**BRIEF:**
Give back, unchanged, each line from the one containing "Why Pest Control" through the last line of the entries below.

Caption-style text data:
========================

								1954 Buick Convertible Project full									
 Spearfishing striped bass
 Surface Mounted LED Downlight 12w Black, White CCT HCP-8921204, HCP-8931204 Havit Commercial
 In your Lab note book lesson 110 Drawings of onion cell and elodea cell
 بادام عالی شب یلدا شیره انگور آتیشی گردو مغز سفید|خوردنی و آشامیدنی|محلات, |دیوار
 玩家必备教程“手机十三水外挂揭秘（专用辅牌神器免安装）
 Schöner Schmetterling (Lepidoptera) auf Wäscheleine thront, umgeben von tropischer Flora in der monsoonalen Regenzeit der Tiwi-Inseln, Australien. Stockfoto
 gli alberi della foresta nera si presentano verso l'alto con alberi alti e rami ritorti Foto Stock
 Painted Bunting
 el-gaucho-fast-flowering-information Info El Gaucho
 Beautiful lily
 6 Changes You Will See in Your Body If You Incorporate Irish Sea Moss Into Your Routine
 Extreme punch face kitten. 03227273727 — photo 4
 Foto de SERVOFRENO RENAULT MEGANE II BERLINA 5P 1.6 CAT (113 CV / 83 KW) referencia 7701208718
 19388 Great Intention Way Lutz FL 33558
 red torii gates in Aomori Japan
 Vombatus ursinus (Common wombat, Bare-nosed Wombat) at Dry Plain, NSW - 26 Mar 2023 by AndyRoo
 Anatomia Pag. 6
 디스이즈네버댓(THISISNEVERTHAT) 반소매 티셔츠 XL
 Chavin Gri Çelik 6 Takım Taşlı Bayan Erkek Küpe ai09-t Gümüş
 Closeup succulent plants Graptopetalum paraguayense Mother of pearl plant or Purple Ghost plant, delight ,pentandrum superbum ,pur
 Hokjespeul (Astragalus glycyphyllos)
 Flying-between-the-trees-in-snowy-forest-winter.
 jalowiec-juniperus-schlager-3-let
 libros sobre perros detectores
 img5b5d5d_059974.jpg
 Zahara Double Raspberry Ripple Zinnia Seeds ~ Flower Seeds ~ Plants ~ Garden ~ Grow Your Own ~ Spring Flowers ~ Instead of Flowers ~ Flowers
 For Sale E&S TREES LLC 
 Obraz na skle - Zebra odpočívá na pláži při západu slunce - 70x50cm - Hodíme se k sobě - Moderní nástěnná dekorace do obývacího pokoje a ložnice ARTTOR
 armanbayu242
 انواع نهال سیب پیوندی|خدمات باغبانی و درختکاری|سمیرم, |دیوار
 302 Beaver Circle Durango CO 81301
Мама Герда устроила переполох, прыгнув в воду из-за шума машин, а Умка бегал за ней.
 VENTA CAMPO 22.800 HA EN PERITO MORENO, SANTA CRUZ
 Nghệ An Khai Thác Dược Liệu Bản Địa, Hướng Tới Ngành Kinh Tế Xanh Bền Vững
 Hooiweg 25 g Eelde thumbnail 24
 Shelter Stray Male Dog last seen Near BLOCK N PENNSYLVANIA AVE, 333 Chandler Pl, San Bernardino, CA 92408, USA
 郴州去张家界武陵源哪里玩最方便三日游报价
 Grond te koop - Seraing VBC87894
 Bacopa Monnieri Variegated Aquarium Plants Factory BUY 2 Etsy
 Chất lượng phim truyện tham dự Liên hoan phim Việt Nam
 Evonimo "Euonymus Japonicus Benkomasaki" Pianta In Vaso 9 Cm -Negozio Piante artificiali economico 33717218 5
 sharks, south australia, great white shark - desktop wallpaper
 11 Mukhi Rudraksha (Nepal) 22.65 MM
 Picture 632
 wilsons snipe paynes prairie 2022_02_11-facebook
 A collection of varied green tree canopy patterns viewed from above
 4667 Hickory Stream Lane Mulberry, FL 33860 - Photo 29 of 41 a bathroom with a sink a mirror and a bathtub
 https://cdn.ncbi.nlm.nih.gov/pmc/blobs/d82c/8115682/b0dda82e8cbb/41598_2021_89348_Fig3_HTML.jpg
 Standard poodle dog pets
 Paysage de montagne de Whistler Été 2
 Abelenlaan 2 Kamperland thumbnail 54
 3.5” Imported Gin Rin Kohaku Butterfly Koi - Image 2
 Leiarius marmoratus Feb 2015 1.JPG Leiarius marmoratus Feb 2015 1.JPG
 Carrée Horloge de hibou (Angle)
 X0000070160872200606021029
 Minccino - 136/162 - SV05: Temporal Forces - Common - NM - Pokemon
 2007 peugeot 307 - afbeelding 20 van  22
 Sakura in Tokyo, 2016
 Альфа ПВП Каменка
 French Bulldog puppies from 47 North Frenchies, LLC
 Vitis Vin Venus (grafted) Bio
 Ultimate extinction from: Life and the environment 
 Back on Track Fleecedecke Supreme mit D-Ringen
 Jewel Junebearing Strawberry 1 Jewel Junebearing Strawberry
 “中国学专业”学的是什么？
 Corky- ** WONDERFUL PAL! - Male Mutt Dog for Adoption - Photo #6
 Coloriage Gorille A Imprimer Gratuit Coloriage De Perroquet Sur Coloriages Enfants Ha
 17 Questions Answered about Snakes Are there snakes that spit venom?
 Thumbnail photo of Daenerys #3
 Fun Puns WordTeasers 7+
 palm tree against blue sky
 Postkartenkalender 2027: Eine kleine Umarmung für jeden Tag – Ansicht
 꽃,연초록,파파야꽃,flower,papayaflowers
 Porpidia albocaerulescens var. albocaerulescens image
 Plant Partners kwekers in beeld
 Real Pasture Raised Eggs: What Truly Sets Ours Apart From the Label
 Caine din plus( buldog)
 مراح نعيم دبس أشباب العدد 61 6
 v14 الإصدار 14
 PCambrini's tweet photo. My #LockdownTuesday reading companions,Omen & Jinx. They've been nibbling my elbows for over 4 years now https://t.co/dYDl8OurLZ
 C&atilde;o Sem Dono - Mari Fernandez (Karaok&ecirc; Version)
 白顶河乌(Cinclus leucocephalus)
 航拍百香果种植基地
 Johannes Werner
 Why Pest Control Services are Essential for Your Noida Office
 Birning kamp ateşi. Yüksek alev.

========================

**PROBLEM SOLUTION:**
 Why Pest Control Services are Essential for Your Noida Office
 Birning kamp ateşi. Yüksek alev.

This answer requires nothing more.